I make no special claims as prognosticator nor do I personally have any ties or non-public information on the doings of Apple, Dell, Microsoft or any other company to be named below. So please don’t sue me if things don’t happen exactly as follows, but I’ve got a pretty solid feeling this is what’s coming: The desktop PC will be replaced by the cell phone/iPod. Let that sink in… the cell phone/iPod form factor will kill off the PC as we know it and relegate the tablet back to a niche market. Oh it’s not the whole story but it will be the major narrative of the industry over the next ten years.

Thinking about this a bit deeper what is happening is that solid state storage, think micro SD cards, are reaching a point in terms of capacity and price that for most people they can carry all of their personal data and all of their business data on a component in their cell phone. That was the biggest hurdle in to this future and it is not quite here yet. A 32GB SD card today runs about $30. 32GB is about the point where half of our customers could fit all of their data on the device. Of course the media-centric younger/hippster set have more data but sizes continue to grow.

Then again there is another solution for keeping one’s files accessible on a phone, don’t store them on the phone but in some server somewhere where electricity is cheap or cooling those servers can be done without electricity. This server-centric model has been around since the 1980’s and has had many marketing speak names the newest of which is “Cloud Computing”. While this may be practical in densely urban Japan it is not coming to the United States in a cost effective form any time soon. In fact the Cloud may be holding back this transition more than the traditional view that small screens mean real work can not be done on a cell phone.
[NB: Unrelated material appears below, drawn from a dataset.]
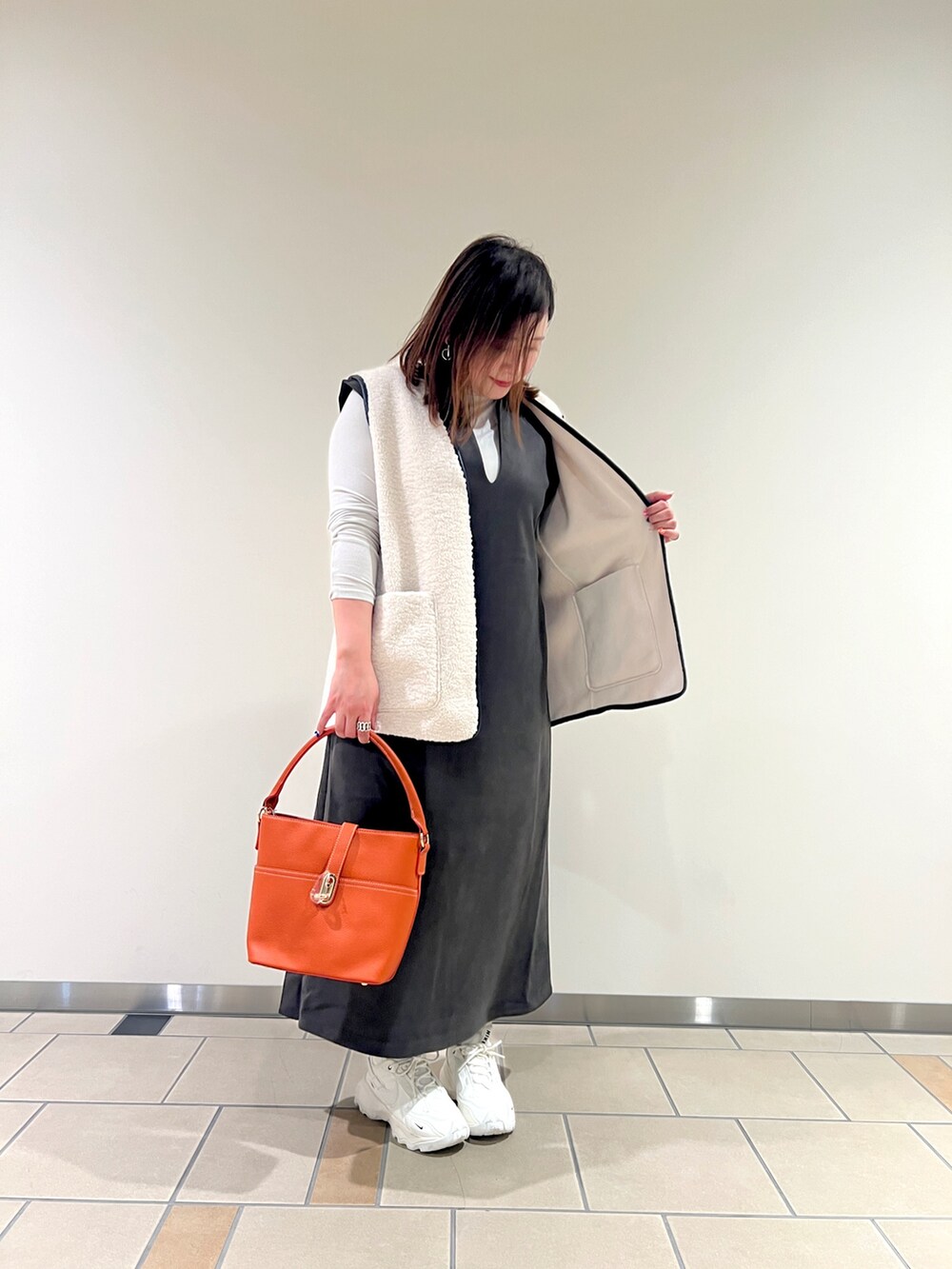 「秋コーデ、ITEMS URBANRESEARCH、ワンピース、ベスト、ボアベスト、フェイクスエードベスト、リバーシブル、ハイネックカットソー、バッグ、低身長女子、30代」｜「ITEMS URBANRESEARCHのリブタートルネックカットソー（Tシャツ/カットソー、グレー系）」を使った、chisaaaさん（レディース・152cm）の秋コーディネートの2枚目の写真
My boss has some monster display on his desk but still does I’d estimate 1/4 of his work on his phone today. A huge portion of his job is acting as geek coordinator for which a twenty word email is often enough and when it is not a two minute call is often better. So the real work argument is already debunked but it had a modicum of truth. Alex another geek would be hard pressed to design a website on a phone. What he needs is a larger display to attach to his phone but those are already possible. It would be more convenient if the display connected wirelessly and a keyboard would be useful too but those are coming. The software however has a ways to go.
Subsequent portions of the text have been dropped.